特に発言録の第110巻に収録された「統一教会の活動と学者たちの使命」というタイトルの講演文に、氏のビジョンもしくは思惑が非常に色濃く表れていると思います。
この発言の要点は、主に次の2点にあると私は見ています。
- 韓国が生き残るためには、日本を後ろ盾としてアメリカに進出するべきである
- アメリカを中心に世界的な反共産主義の版図を築かなければならない
自民党・自衛隊・警察への工作活動
そのようにして日本に影響を与えるために、我々統一教会は自衛隊に対する活動を今から15年前に始めました。自衛隊に対する活動――これは今まで誰も知らなかった秘密です―― 若い人たちを自衛隊に入れることを15年前から始めました。それで、すべての閣僚級から我々を支援できる基盤づくりに注力し、また自民党の高位層と繋がる道を作っておきました。例えば岸首相の時には岸首相を中心として背後工作を緻密にしてきたのです。 こうして自民党の元老級まで、ある程度の線に近づいてきました。 このように自衛隊や自民党の為政者と繋がることをしながら、日本の警察を背後から操ることのできる活動をしてきたのです。
文鮮明先生御言葉選集 110巻 p. 168
統一教会を日本に布教することを通じ、自民党の高位級に繋がって自衛隊・警察までをも背後で操作できる基盤ができたと語っています。
自民党・自衛隊をセミナーで教育
日本の自民党を中心に私が今までやってきたのがそれです。毎週セミナーをしたんです。 経済問題、政治問題、軍事問題、文化問題まですべてセミナーをしたのです。日本の首相の顧問、政治顧問はたった1人か2人なんです。しかし学者は多いんです。 彼らが頭を突き合わせてクラブのようにセミナーをするんです。
文鮮明先生御言葉選集 110巻 p.195
だから、その政治顧問たちが最初は見くびったんです。 「全部統一教会がやって、勝共連合が背後になって…」と言いながら見くびったんですよ。私が鼻で笑いながら「見てろよ。お前らも巻かれるぞ」と言ったんです。それで何度もセミナーをするんですよ。 あと、冊子をどんどん発行するんです。

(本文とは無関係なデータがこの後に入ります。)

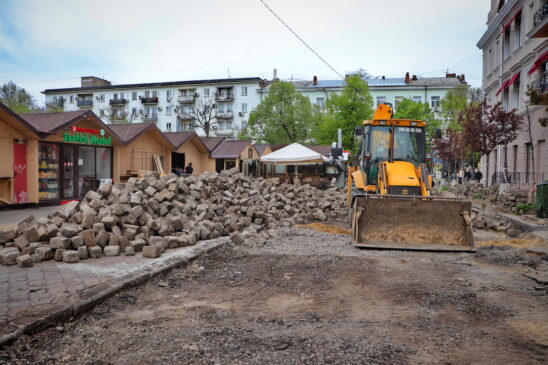 Детальніше про статтю Відновлення старовинної бруківки в центрі Одеси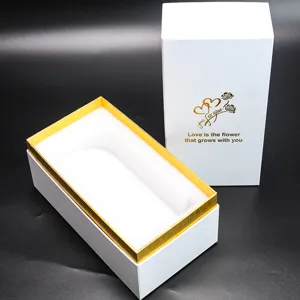 Elegante caja de regalo blanca con letras doradas y espuma interior para un empaque seguro.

それによって、今や私たちがセミナーをするその内容が、自民党の必須的な研究資料になりました。そうすると、政治の方向を徐々に変え、日本の国粋主義的な思想体制から脱し、アジアへ、世界へと視野を開いてあげることを今まで行ってきました。また自衛隊もそうだというんです。今までそういうセミナーをずっとやってきているんです。それによって進む道を教示するのです。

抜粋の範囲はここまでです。